The student techies and production staff alternated between attending to their own business and observing as I introduced the actors to the corporeal mime scale, in all three dimensions (lateral, depth, and rotation.) Mime is a difficult form to learn, and even a two-hour workshop is only sufficient to give the most skeletal of introductions, but the students were enthusiastic and willing to learn. They also had the advantage of being a bit older than my students at Open Air Circus, and so have more developed nervous systems and were better able to imitate my isolation work, as well as articulate their interpretations of the meaning of some of the isolations and sequences (the way a lateral translation of the head might represent listening, while a forward translation of the head is more representative of looking.)

After our isolation exercises, I was ready to teach them their first illusion: "the wall." The methodology I have developed is to have the students place their hands on a genuine wall, so that they can experience the flatness and verticality of the wall's plane, and then experience each isolation (including relevés and pliés) of the body with their hands fixed on the wall, asking them to make observations about the focus of their eyes and the compensations they need to make in order to keep their hands fixed to the wall. I also asked them to observe how their hand automatically relaxes when pulled away from the wall. I noted that as with Aristotle's note that the "soul (psuche) is analogous to the hand; for as the hand is a tool of tools, so thought is the form of forms" (On The Soul, III 8 432a1) the hand in it's ability to grasp forms" that in mime theatre, the hand is analogous to the mind, in that it takes the form of the character's thoughts. I then had them experience taking steps along the wall so they could feel just how far they could go before needing to release their grasp of the wall. After several minutes of these experiments, meant to demonstrate that a mime's craft relies heavily on naturalistic observation, I invited them back to the stage, both to demonstrate that with this new found knowledge of walls and an ability to move the whole body in an articulate matter, one sells the reality of the imaginary wall far more than one would with a simple hand gesture, and gave them several minutes to experiment on their own, as I walked amongst them making minor corrections.

Being inquisitive students, they asked me questions in between exercises:

Q: What is the relationship between mime and European clown traditions?

A: In the European context, mime and clown are close cousins, with a common ancestor in commedia dell'arte.

Q: Is there a rule that mimes have to perform silently?

A: No. Many perform silently in observance of mime's independent standing as an art form much as painting and sculpture are independent of one another, but there is no reason why one cannot speak and mime simultaneously. I performed some of my first mime pieces with poetic recitation.

Q: Do mimes always perform with white makeup?

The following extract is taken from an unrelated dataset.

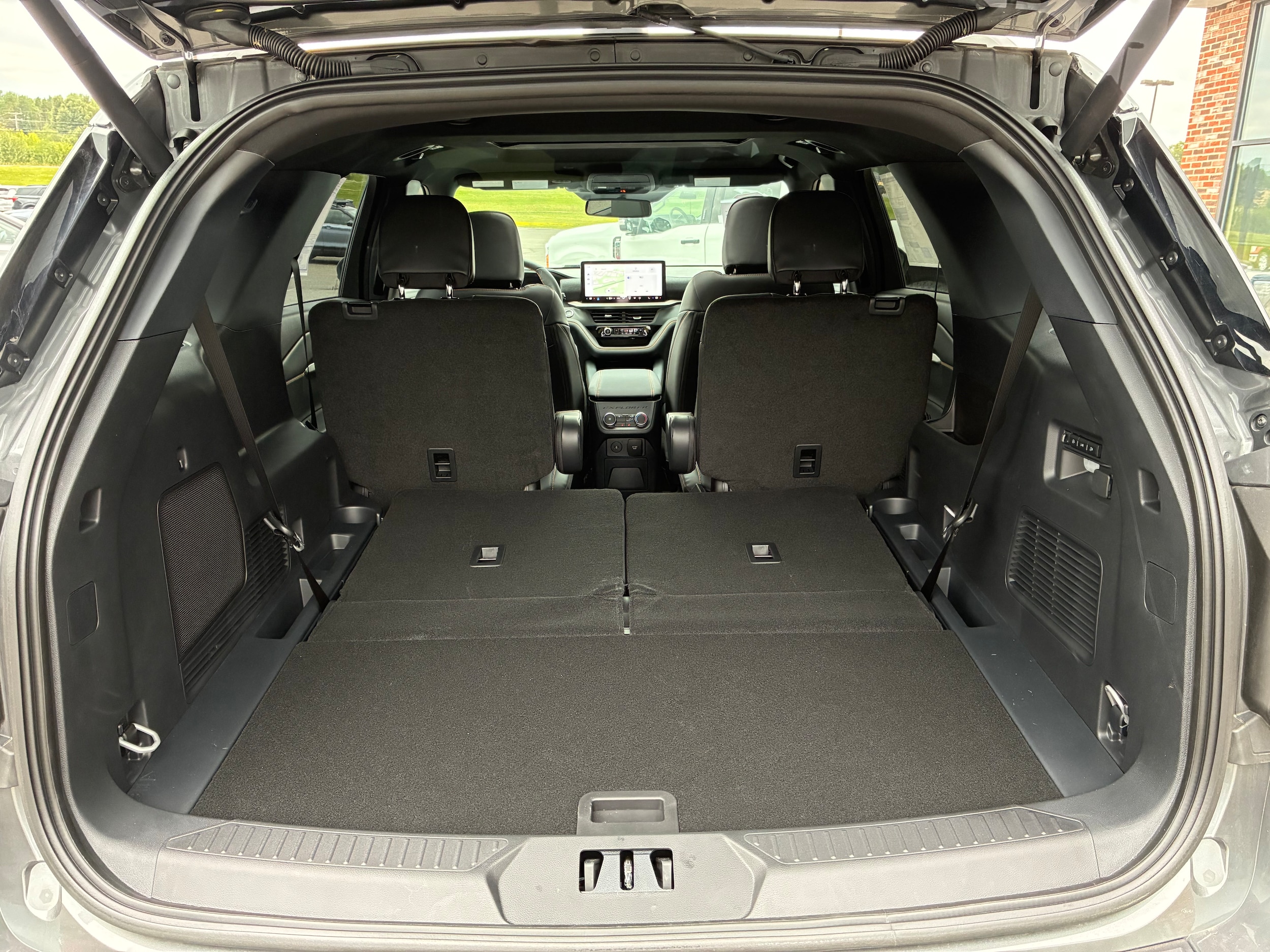 2026 Ford Explorer Tremor - Photo 14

A: No. If a mime chooses to wear makeup, it can be any color, or alternately, the mime can perform without makeup, or with masks. All such things are acceptable.

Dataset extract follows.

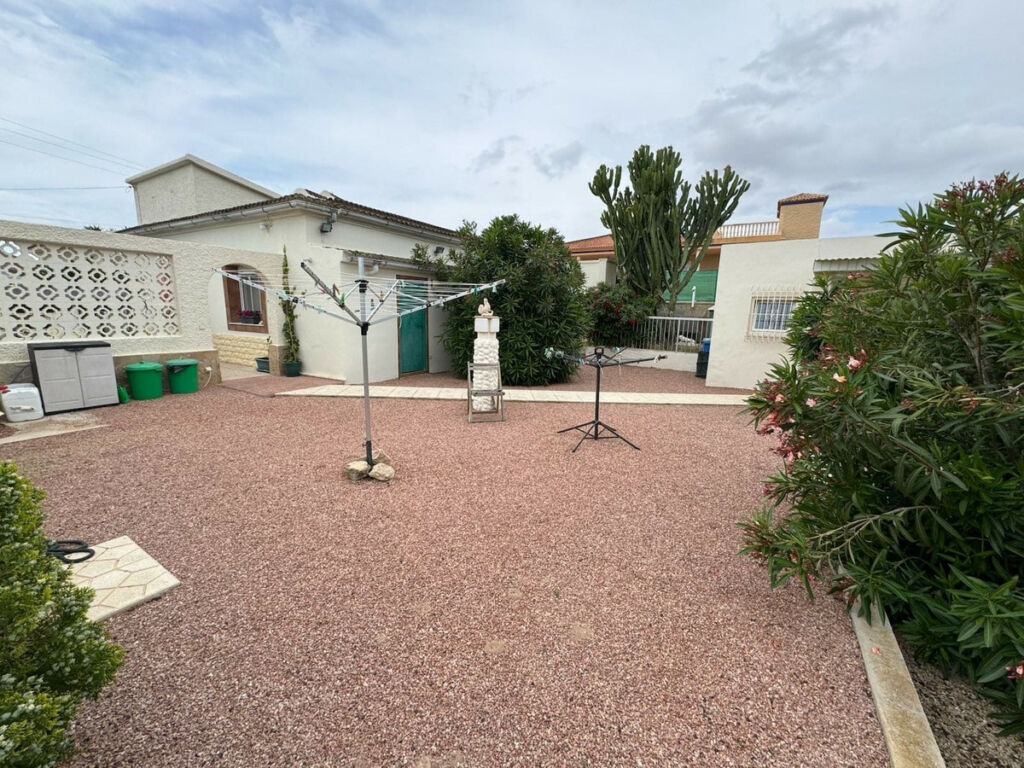 Detached Villa La Marina Alicante - image 2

All this allowed for digressions on the history of mime, allowing me to discuss Charlie Chaplin, Étienne Decroux, Jean Louis-Barrault and Marcel Marceau.

Our next set of exercises were in rope pulling (both horizontally and vertically) and a tug 'o war exercise (a favorite with younger kids, who seem to find walls too abstract) to emphasize ensemble work, as well as to demonstrate the principles of oppositional and sequential movement. After a brief break (due to the techies noting that I had kept the actors working for an hour and a half straight through) explored the extremes of rhythmic dynamics: shock, fondue, and immobility and spent the last few minutes creating tableaux with some of the skills we covered over the previous two hours.